# Britain feared annihilation by Soviets



## pardus (Dec 30, 2008)

LONDON, England (CNN) -- Britain feared that it would have been overwhelmed in the event of a Soviet attack because of the depleted state of its armed forces, according to secret files made public on Tuesday.

Papers released by the National Archives, under the 30-year rule, reveal that Royal Air Force fighter jets only had sufficient ammunition for two days of combat and the Royal Navy would fail to defend the country from Russian submarines.

The army would have been too over-stretched to cope with a widescale campaign of sabotage and subversion by Soviet special forces, the papers show.

Prime Minister James Callaghan called the situation a "scandal" when he discovered the scale of the problem and demanded resignations among the military.

"Heaven help us if there is a war!" he scrawled on one note. But ministers could do little until the Tornado fighter plane became available in the mid-1980s along with other military hardware.

The problem became clear when senior intelligence officers warned in late 1977 that, in the event of a conventional war, the Russians could unleash up to 200 bombers and 18 submarines against the UK.

The assessment of the Joint Chiefs of Staff was that British forces would be unable to cope.

"UK forces cannot match the threat postulated by the JIC assessment," the chiefs noted in January 1978 in a document marked Top Secret UK Eyes Alpha.

"Air defenses would be outweighed because aircraft would be outnumbered and stocks of air defense munitions would sustain operations for only two or three days.
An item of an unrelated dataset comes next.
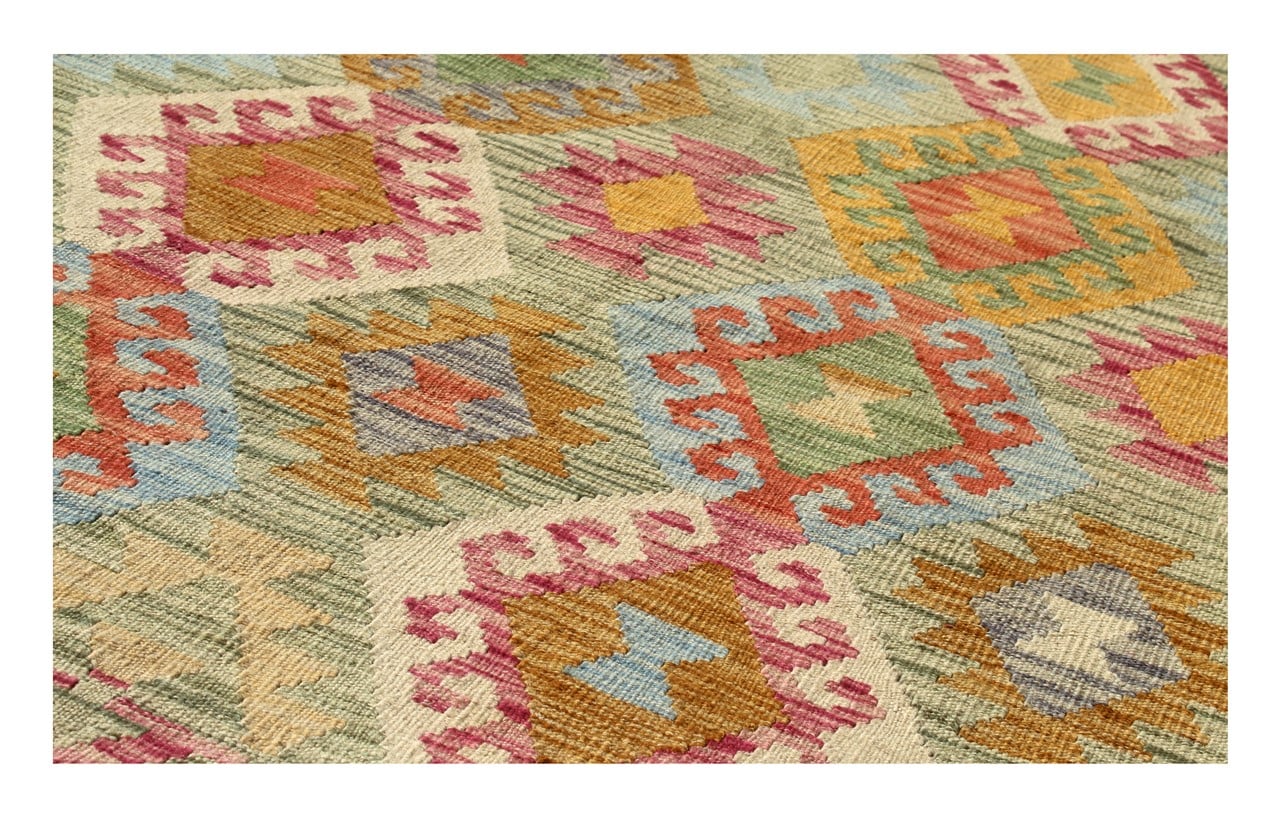 Handmade Afghan Kilim Green Wool Rug 288_207 cm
"Maritime forces need better anti-submarine weapons, and face a massive threat from submarine and air-launched missiles and also from mines; the most serious deficiency is in numbers.

"The army in the UK would, until mobilization is complete, have insufficient forces to meet its commitments; after mobilization of the reserves, a process taking between 15-20 days, the Army would be able to counter the currently assessed Soviet land threat during the initial stages of the war but, lacking supporting arms and logistic support, it would be inadequate to deal with any more significant threat, including sabotage or subversion on a wide scale."

Find this article at: 
http://www.cnn.com/2008/WORLD/europe/12/30/uk.coldwar.fears/index.html?eref=rss_latest 

-------------------------------------------------------------------

And the Brit politicians continue to gut the MoD! :doh:


----------



## Poetic_Mind (Dec 30, 2008)

That is scary. 




> Papers released by the National Archives, under the 30-year rule, reveal that Royal Air Force fighter jets only had sufficient ammunition for two days of combat and the Royal Navy would fail to defend the country from Russian submarines.



I wonder if we will be in the same position when Democrats are through with us. I was not alive at the time, but I heard from my folks how Carter F***ed up the military. 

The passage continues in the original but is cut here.